Fundamentals of Database part 1

The difference between data and information

Why Databases?

Databases solve many of the problems encountered in data management

Used in almost all modern settings involving data management:

Business

Research

Administration

Important to understand how databases work and interact with other applications

Data vs. Information

  • Data are raw facts
  • Information is the result of processing raw data to reveal meaning
  • Information requires context to reveal meaning
  • Raw data must be formatted for storage, processing, and presentation
  • Data are the foundation of information, which is the bedrock of knowledge
  • Data: building blocks of information
  • Information produced by processing data
  • Information used to reveal meaning in data
  • Accurate, relevant, timely information is the key to good decision making
  • Good decision making is the key to organizational survival

Database normalization, or simply normalization, is the process of organizing the columns (attributes) and tables (relations) of a relational database to reduce data redundancy and improve data integrity.

Normalization involves arranging attributes in tables based on dependencies between attributes, ensuring that the dependencies are properly enforced by database integrity constraints.
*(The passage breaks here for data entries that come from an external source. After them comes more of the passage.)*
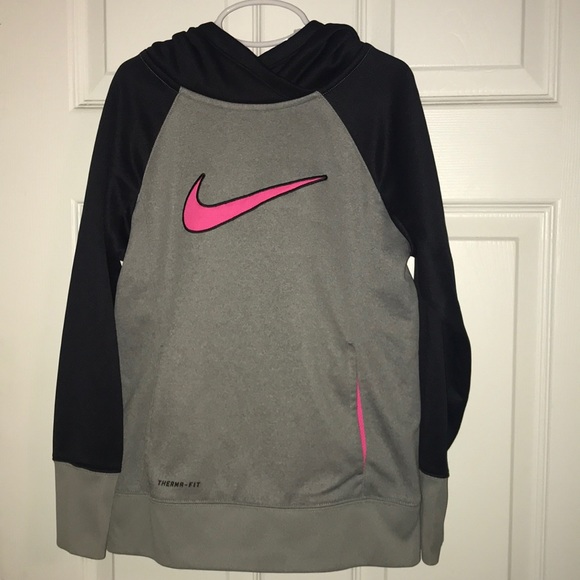 Nike girl sweater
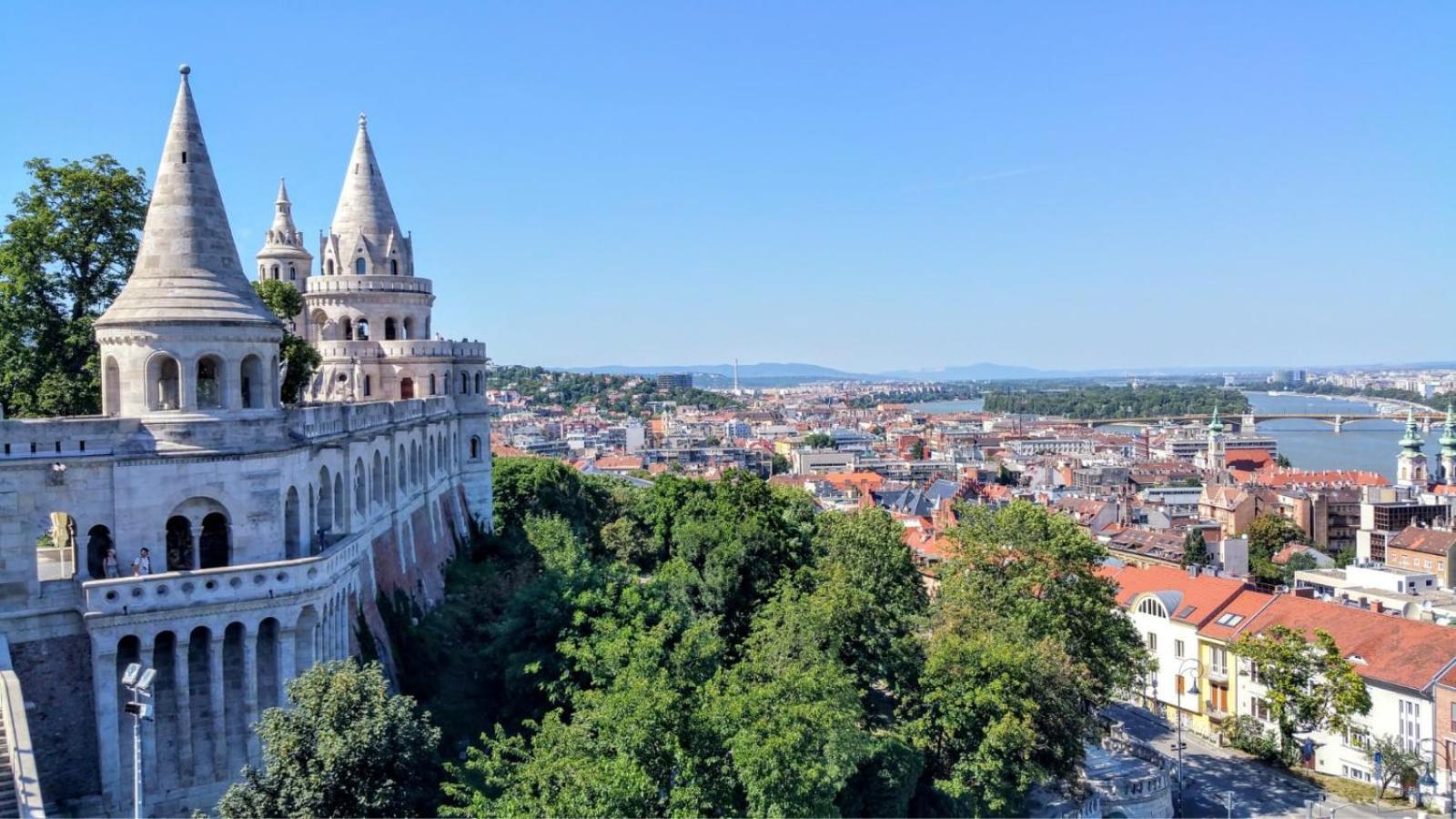 Castle Stallion Budapest Exterior photo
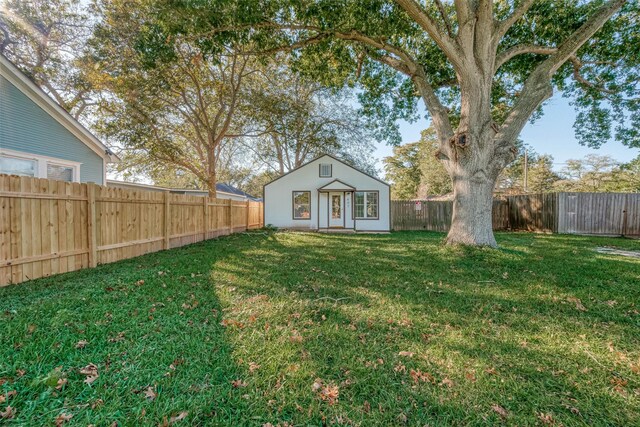 607 Speed St, Wharton, TX 77488 - view of yard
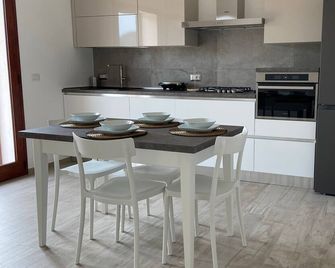 Vacation House - Cardedu - Cocina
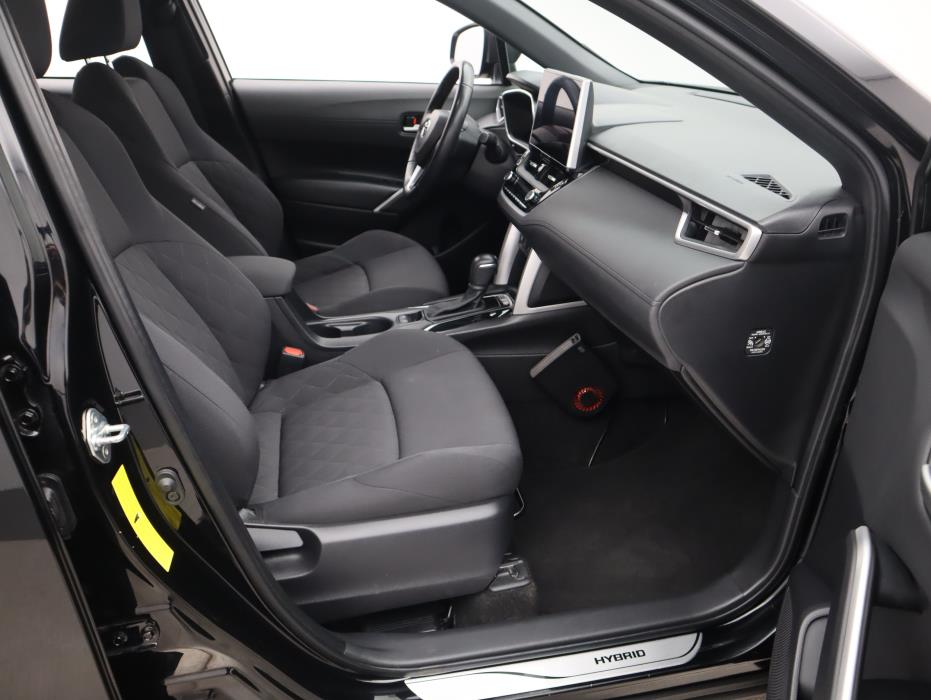 TOYOTA Corolla Cross 2023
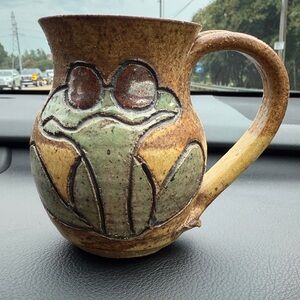 Handcrafted Frog Design Ceramic Studio Pottery Mug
Normalization is accomplished through applying some formal rules either by a process of synthesis or decomposition. Synthesis creates a normalized database design based on a known set of dependencies. Decomposition takes an existing (insufficiently normalized) database design and improves it based on the known set of dependencies.

Edgar F. Codd, the inventor of the relational model (RM), introduced the concept of normalization and what we now know as the First normal form (1NF) in 1970.[1] Codd went on to define the Second normal form (2NF) and Third normal form (3NF) in 1971,[2] and Codd and Raymond F. Boyce defined the Boyce-Codd Normal Form (BCNF) in 1974.[3] Informally, a relational database table is often described as "normalized" if it meets Third Normal Form.[4] Most 3NF tables are free of insertion, update, and deletion anomalies.

Normalization Rule

Normalization rule are divided into following normal form.

  1. First Normal Form
  2. Second Normal Form
  3. Third Normal Form
  4. BCNF

 

First normal form (1NF). This is the "basic" level of database normalization, and it generally corresponds to the definition of any database, namely:

  • It contains two-dimensional tables with rows and columns.
  • Each column corresponds to a subobject or an attribute of the object represented by the entire table.
  • Each row represents a unique instance of that subobject or attribute and must be different in some way from any other row (that is, no duplicate rows are possible).
  • All entries in any column must be of the same kind. For example, in the column labeled "Customer," only customer names or numbers are permitted.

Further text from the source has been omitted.